Listed entries:

.....

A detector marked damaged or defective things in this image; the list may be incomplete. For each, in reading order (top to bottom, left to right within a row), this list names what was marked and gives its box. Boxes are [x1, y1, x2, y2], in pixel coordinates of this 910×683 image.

.....

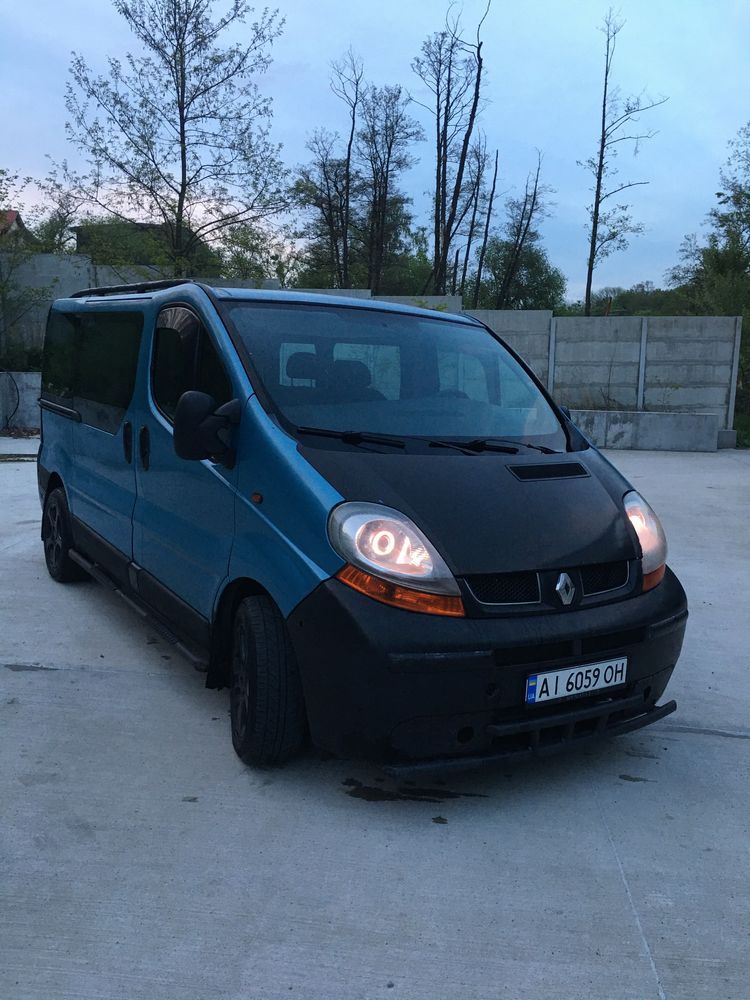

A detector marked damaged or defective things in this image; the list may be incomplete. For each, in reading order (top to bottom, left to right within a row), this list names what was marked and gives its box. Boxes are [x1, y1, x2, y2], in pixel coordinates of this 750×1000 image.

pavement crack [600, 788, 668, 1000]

.....

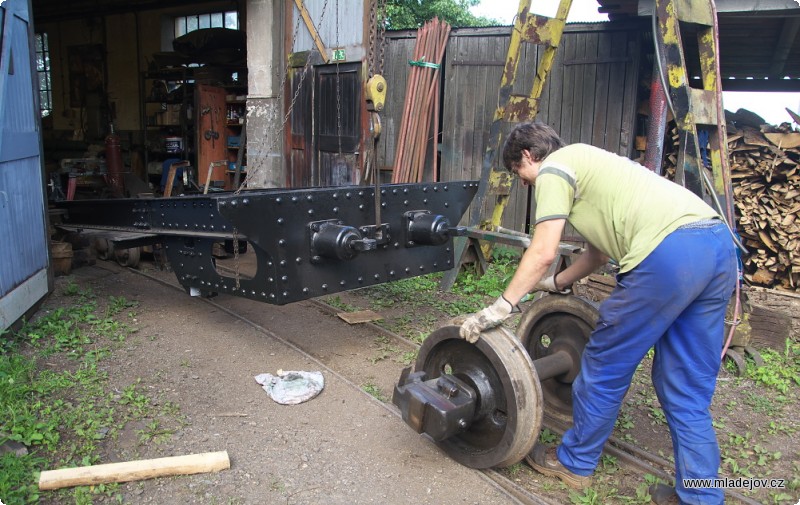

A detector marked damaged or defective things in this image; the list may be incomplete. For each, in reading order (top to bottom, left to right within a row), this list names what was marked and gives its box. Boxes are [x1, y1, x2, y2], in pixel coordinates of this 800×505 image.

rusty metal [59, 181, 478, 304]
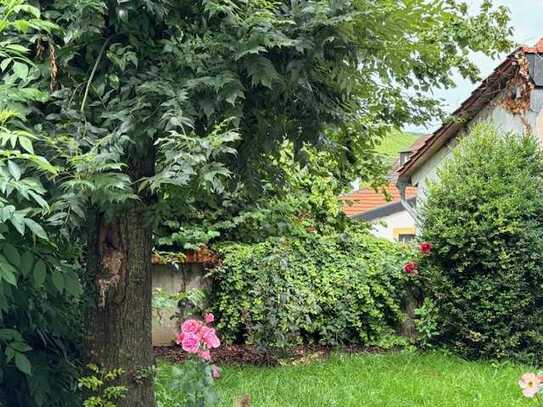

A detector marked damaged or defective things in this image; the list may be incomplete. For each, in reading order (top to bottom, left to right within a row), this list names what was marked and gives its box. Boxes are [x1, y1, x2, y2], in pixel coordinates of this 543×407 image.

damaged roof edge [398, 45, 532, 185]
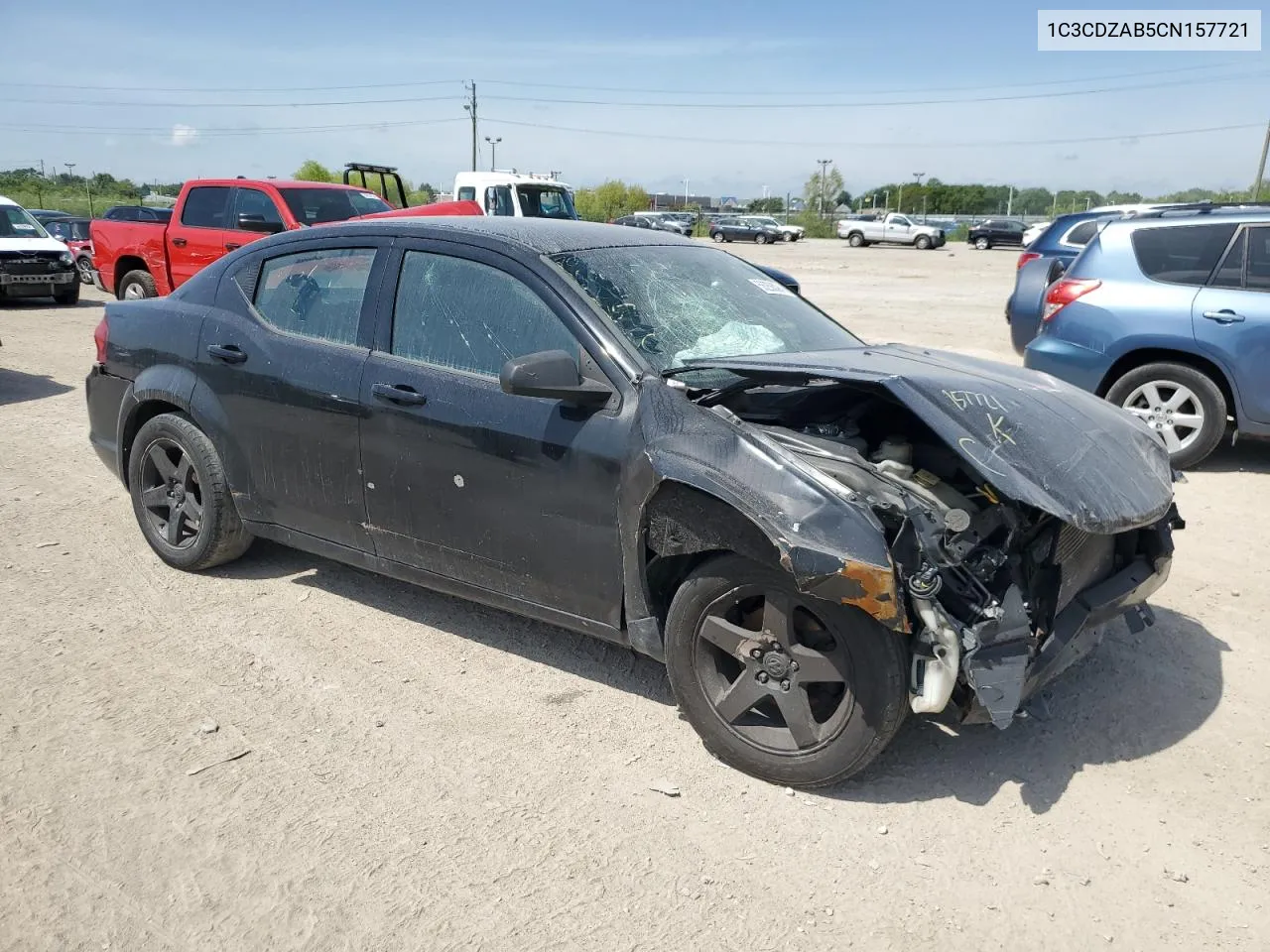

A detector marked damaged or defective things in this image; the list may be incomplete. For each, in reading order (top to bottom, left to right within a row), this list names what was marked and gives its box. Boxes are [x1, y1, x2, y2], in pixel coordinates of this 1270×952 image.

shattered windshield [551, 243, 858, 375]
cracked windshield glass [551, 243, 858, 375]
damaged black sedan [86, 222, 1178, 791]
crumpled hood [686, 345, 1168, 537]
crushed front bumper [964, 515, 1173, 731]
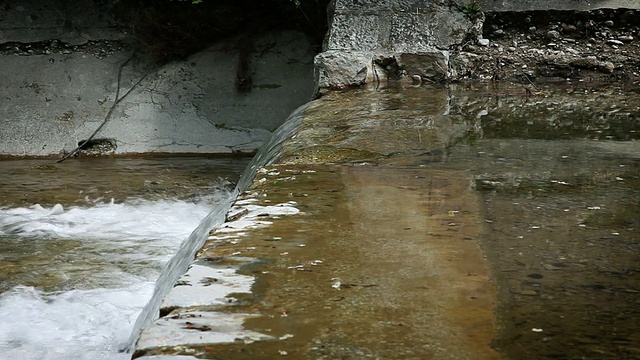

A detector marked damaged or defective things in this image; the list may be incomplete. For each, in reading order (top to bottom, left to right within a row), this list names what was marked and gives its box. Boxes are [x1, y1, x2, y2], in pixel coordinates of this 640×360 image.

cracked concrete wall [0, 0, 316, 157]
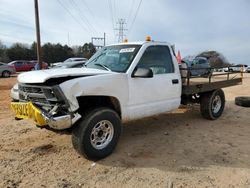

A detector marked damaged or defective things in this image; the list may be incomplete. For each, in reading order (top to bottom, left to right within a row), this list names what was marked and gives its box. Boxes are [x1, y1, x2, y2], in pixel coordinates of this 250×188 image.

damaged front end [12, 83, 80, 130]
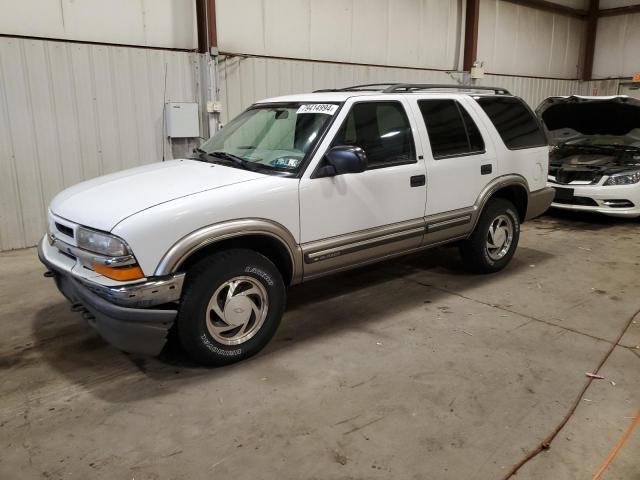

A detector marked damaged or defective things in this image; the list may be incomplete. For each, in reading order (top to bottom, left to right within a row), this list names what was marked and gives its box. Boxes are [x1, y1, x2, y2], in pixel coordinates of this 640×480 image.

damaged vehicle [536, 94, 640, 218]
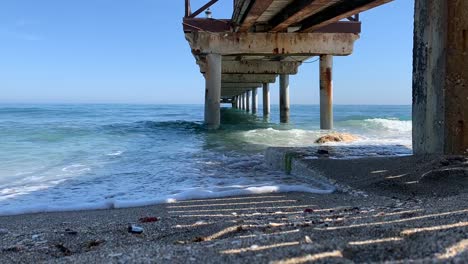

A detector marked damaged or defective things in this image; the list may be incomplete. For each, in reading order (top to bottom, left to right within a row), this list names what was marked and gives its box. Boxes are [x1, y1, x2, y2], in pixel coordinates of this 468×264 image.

.....

Using the records above, print exactly the lines between the ones containing "this 640×480 image." and "this 468×264 image.", inclusive, and nothing else; no pictures.

A detector marked damaged or defective things in this image; the list may be incomplete. For each, in reading order (top to bottom, left to right within a row), this list names what was marked and gives its box. Boxes are [x1, y1, x2, y2], in pixel coordinates of this 640×480 image.

damaged vehicle [536, 94, 640, 218]

A detector marked damaged or defective things in this image; the list may be incomplete. For each, in reading order (top to bottom, left to right within a row), this list names what was marked and gives its box. Boxes are [x1, y1, x2, y2], in pixel coordinates of this 468×264 image.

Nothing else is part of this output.